[PATCH] md: Fix nr_pending race during raid10 recovery

am 17.11.2010 19:57:50 von Aniket Kulkarni

If a RAID10 rdev that is undergoing recovery is marked 'faulty', the rdev
could get taken out of the array in spite of outstanding IOs leading to
a kernel panic. There are two issues here -

1. The ref count (nr_pending) increment for sync or recovery leaves a lot of
open windows for concurrent rdev removals
2. raid10 sync thread continues to submit recovery IOs to faulty devices. These get
rejected at a later stage by management thread (raid10d).
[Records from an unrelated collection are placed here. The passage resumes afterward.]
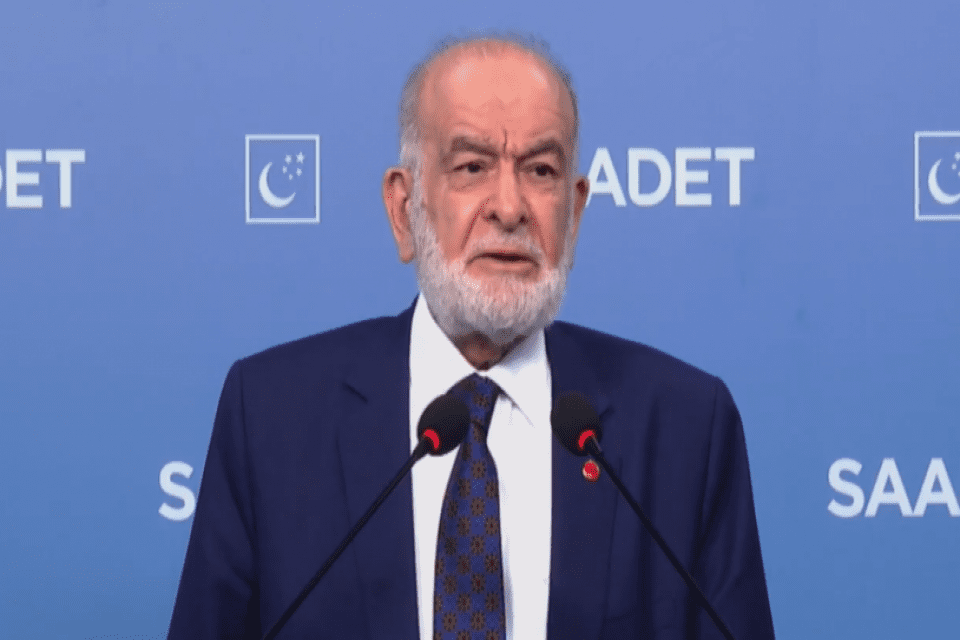 Saadet Partisi Genel Başkanı Temel Karamollaoğlu, haftalık basın toplantısında g&uuml;ndemi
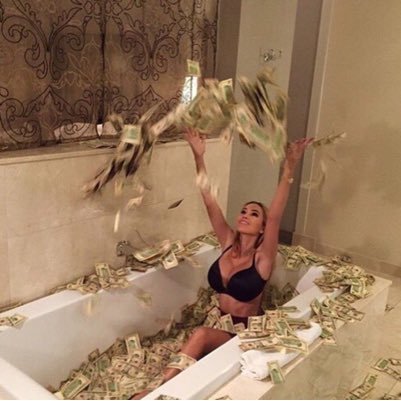 rpgrevenge's profile picture. Rafael est pris. Nous attendons un Aiden. F = 6. H = 1. ON CHERCHE DES MÂLES, merci!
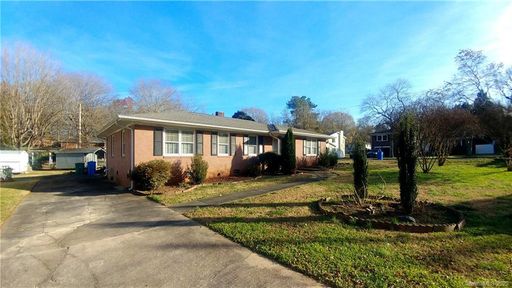 1200 Flintshire Drive sold home in Crestview, Albemarle, NC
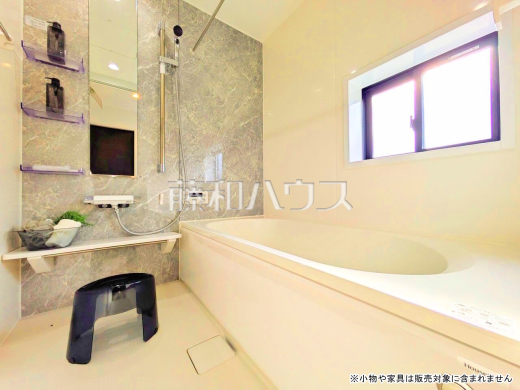 2号棟(モデルハウス) 浴室 【新座市池田4丁目】
落ち着いた色合いで疲れたからだを癒す、贅沢なくつろぎ空間です。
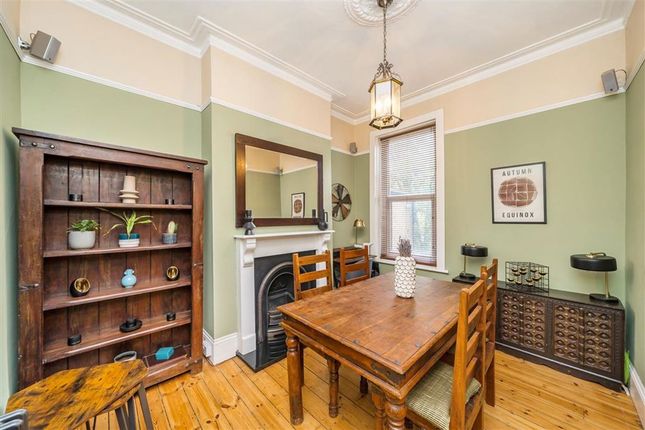 26, Floyd Road, London photo 4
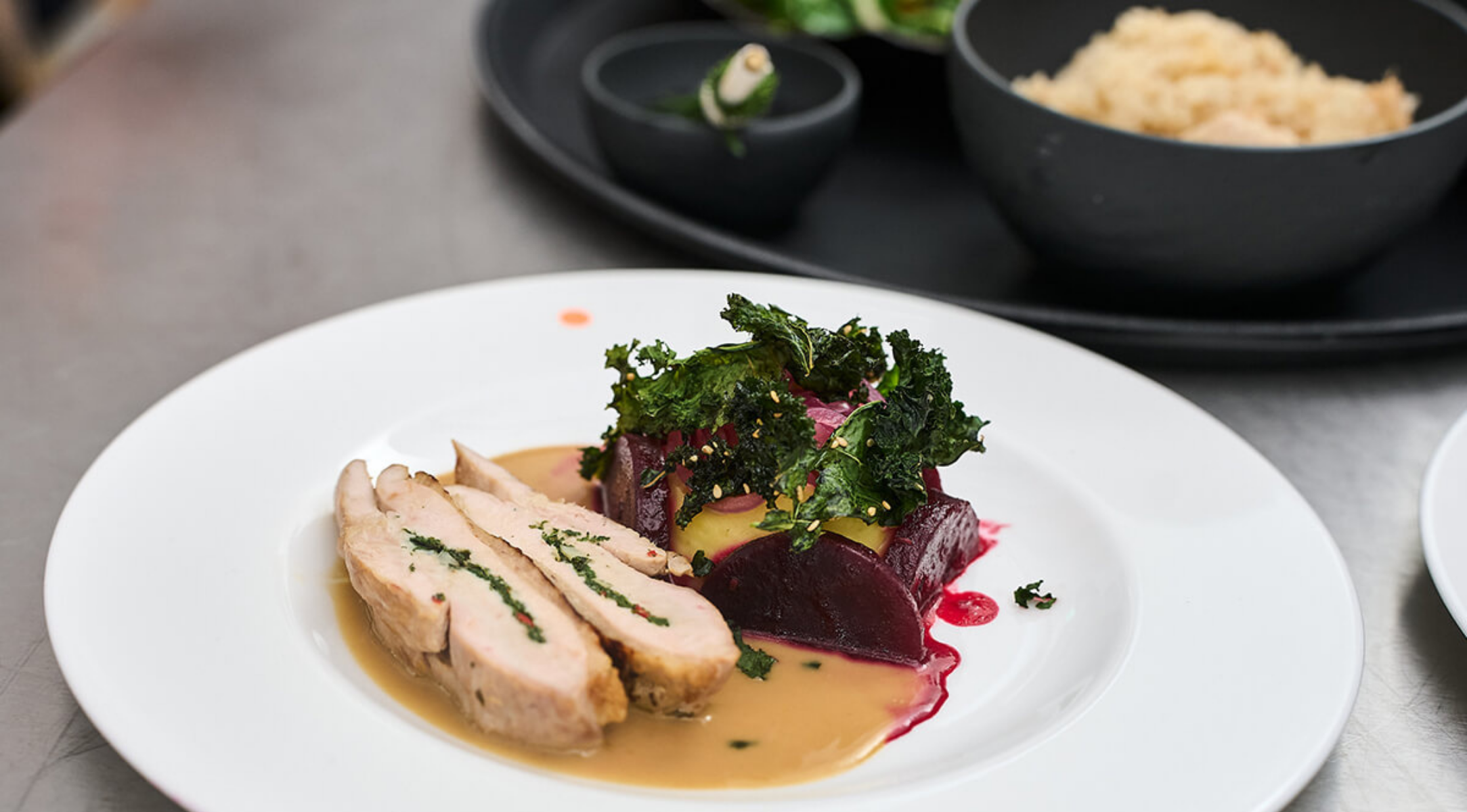 gefuellte-perlhuhnbrust-mit-rote-bete-spalten-hefe-sauce-und-kartoffelpueree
Note - rd denotes the rdev from which we are reading, and wr the one we are
writing to

Sync Thread Management Thread

sync_request
++rd.nr_pending
bi_end_io = end_sync_read
generic_make_request -------> recovery_request_write
| | wr.nr_pending++
| | bi_end_io = end_sync_write
V | generic_make_request
end_sync_read -------------- |
--rd.nr_pending |
reschedule_retry for write |
v
end_sync_write
--wr.nr_pending

So a set-faulty and remove on recovery rdev between sync_request and
recovery_request_write is allowed and will lead to a panic.

The fix is -

1. Increment wr.nr_pending immediately after selecting a good target. Ofcourse
the decrements will be added to error paths in sync_request and end_sync_read.
2. Don't submit recovery IOs to faulty targets

Signed-off-by: Aniket Kulkarni
---
drivers/md/raid10.c | 46 +++++++++++++++++++++++++++++++++++++++++++---
1 files changed, 43 insertions(+), 3 deletions(-)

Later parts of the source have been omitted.